I am aware of the use of the BIC and AIC with respect to k-means-clustering. What would interest me is, whether these criteria are also used in the realm of spectral graph clustering? Is there any rationale allowing to establish a link between the spectra of graphs and model selection criteria like the BIC and AIC?
Any input is much appreciated!
Additions:
So, I have run a few tests. I have tried RSB with the median for the cutoff value c. I used high-evidence (low false positive rate, possibly high false negative rate) cluster-data to validate against (roughly ~250 non-overlapping groups), in a rather "poor man's" fashion, so nothing fancy at all. The initial cut already affected more than 235 clusters, even though many of them are actually rather small (we are talking about an avg. of around 75 here). I tried deviating from the median by the MAD (towards the valuation with the highest absolute value) which resulted in a bad performance as well. After some further tries, I ended up choosing the 1st- or 3rd-quartile of the valuation distribution, which allowed some small and rather trivial cuts. Nevertheless, the spectral gap never looked promising and the characteristic valuation simply horrible.
For computing them I used ARPACK (IRLM), so I expect the results to be considerably accurate in double precision. Here's a plot of the characteristic valuation (log2, just quick and dirty) after the first 2 iterations (which both yielded 2 clusters of roughly 36 nodes each) – the core seems to be too dense.

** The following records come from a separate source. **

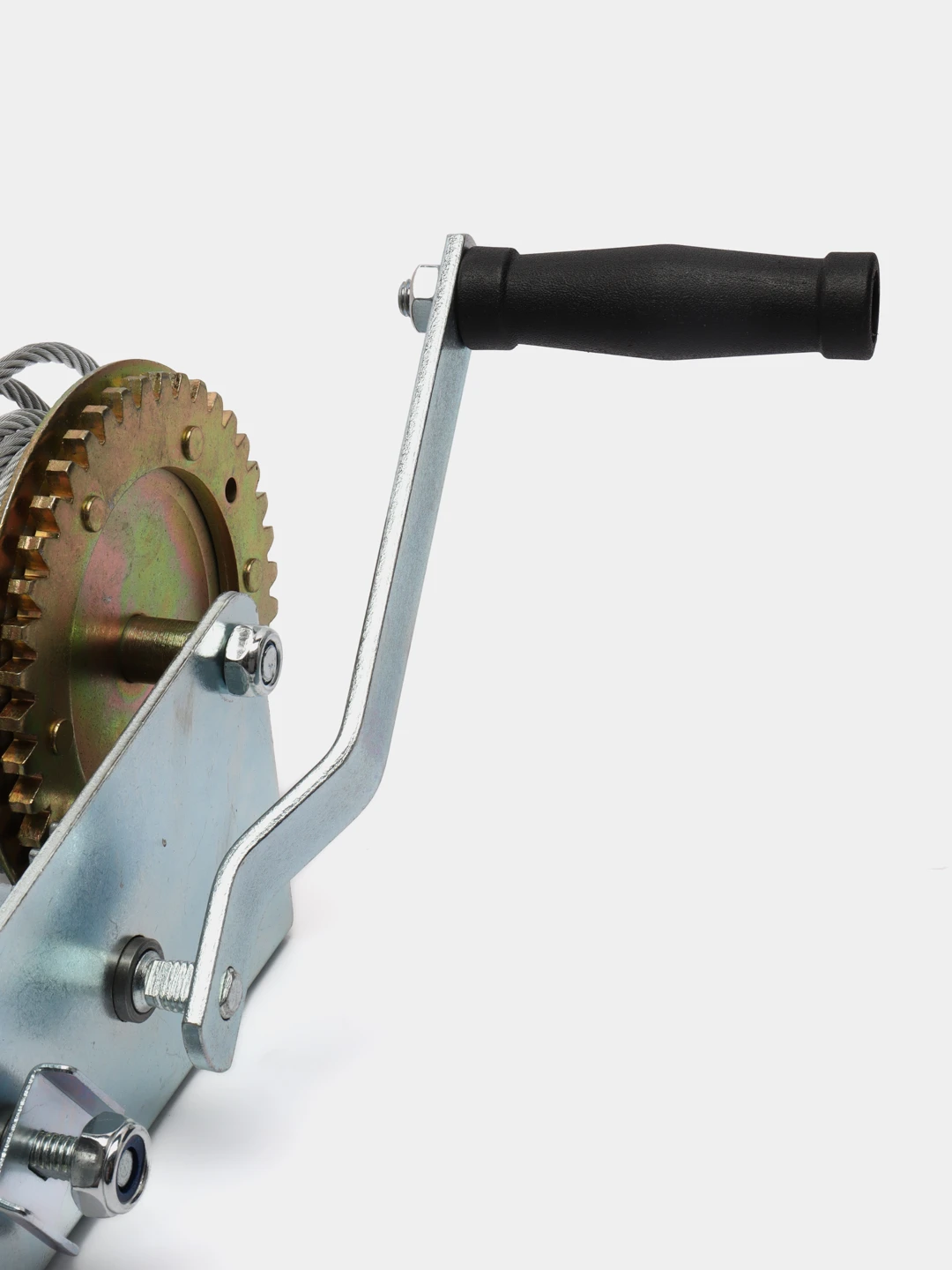 Лебедка Ручная Шестеренчатая Купить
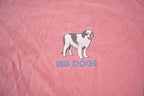 Vintage 1990s Big Dogs Get Er Done Tomorrow Graphic T Shirt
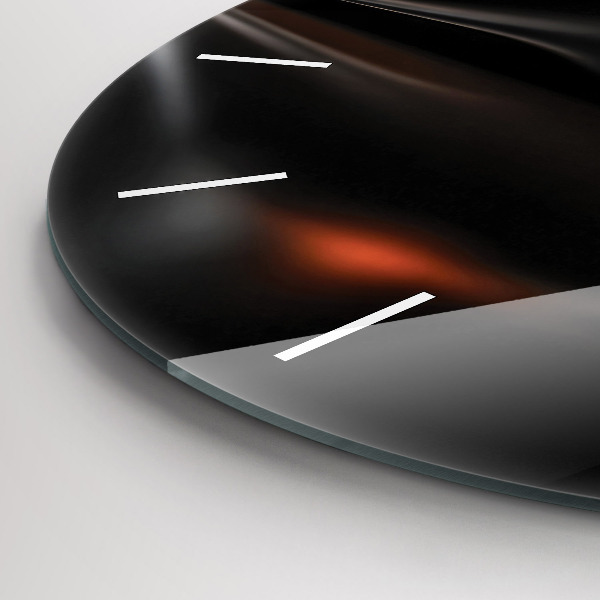 Reloj redondo pared Abstracto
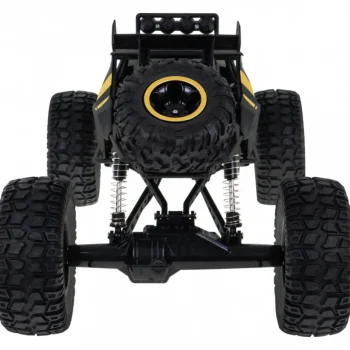 Metal Rock Cruiser Za Djecu 3+ Model Na Daljinsko Upravljanje 1:8 S Pogonom Na Sva četiri, Crna 8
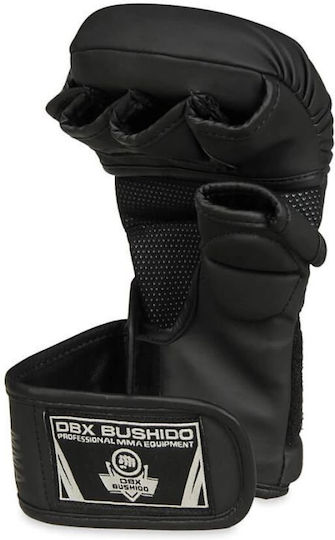 Mma Sparring Gloves M Black Master Valor Series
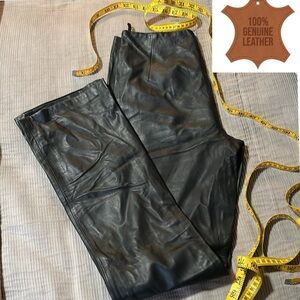 Anonymous genuine leather pants 6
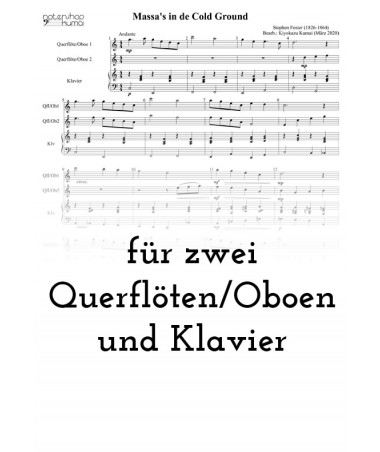 Massa's in de Cold Ground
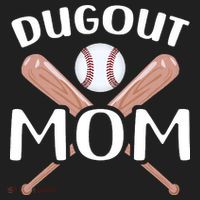 Funny Mom Dugout Mom Baseball Cool Baseball Mom Tumbler thumb 3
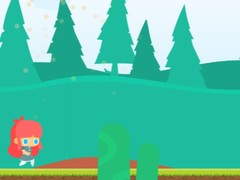 Jeu Cute Girl Runner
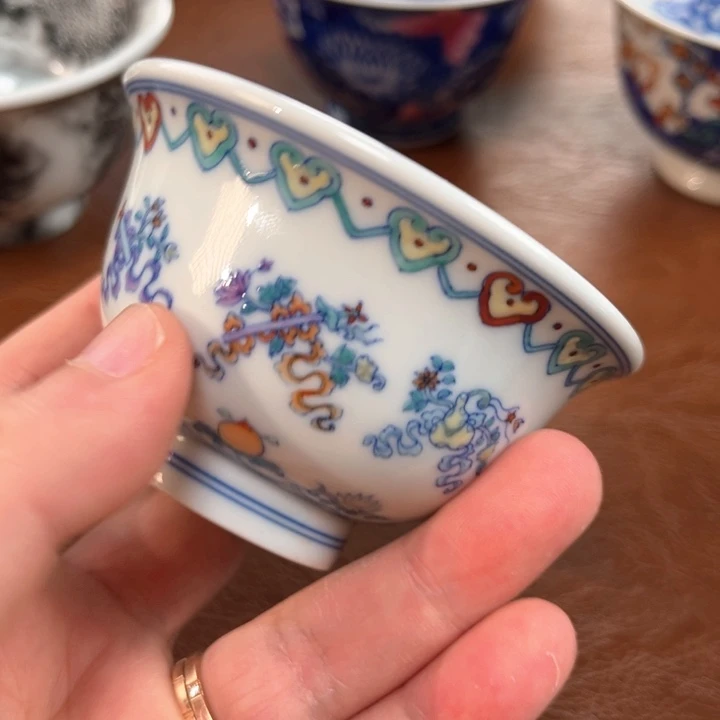 瓷片千年瓷都景德镇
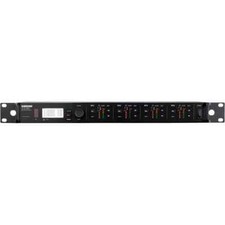Shure ULXD4Q Quad-Channel Digital Wireless Microphone System Receiver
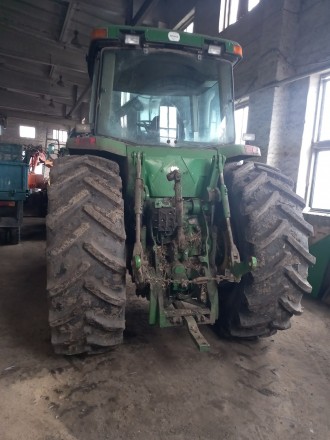 Продаємо трактор John Deere 8400. 1997 р.в. У хорошому, робочому стані. Двигун т. . фото 5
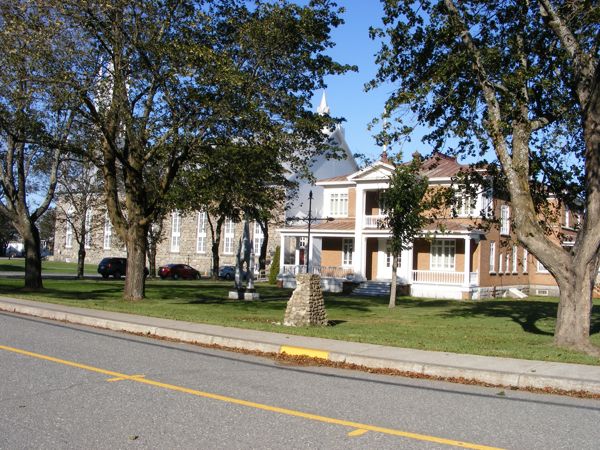 Ancien cimetire (2e) de L'Isle-Verte, Rivire-du-Loup, Bas-St-Laurent, Québec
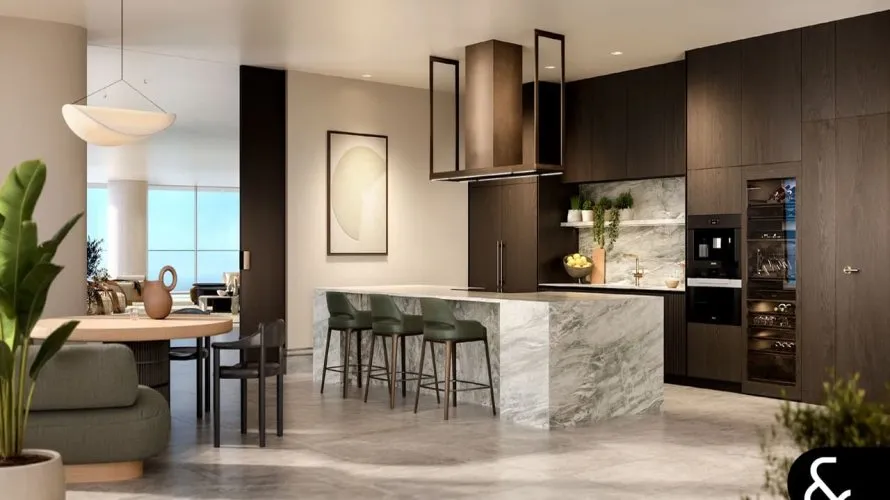 SIX SENSES RESIDENCES в Дубай Марина, ОАЭ №56 № 4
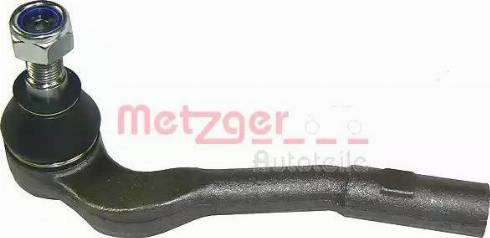 Metzger 84028701 - Наконечник рулевой тяги, шарнир autospares.lv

I thought about at least buying Fan Chung's more recent book on spectral clustering (spectral clustering), since I liked reading through the previous work (at least the first two chapters). They were dry to the bone, but nevertheless quite informative.
Best Answer
AIC and BIC are used for constraining the complexity of a range of models competing to explain the same data. Following on the heels of results in complexity theory and machine learning, there is reason to believe that in some scenarios, using these proxies for complexity gives useful info about the model that explains the data best while having the smallest generalization error.
In this case, you would first need to propose some model that produces the graph spectra you are seeing. You could postulate some different components that produce the graph you see, such as a mixture model.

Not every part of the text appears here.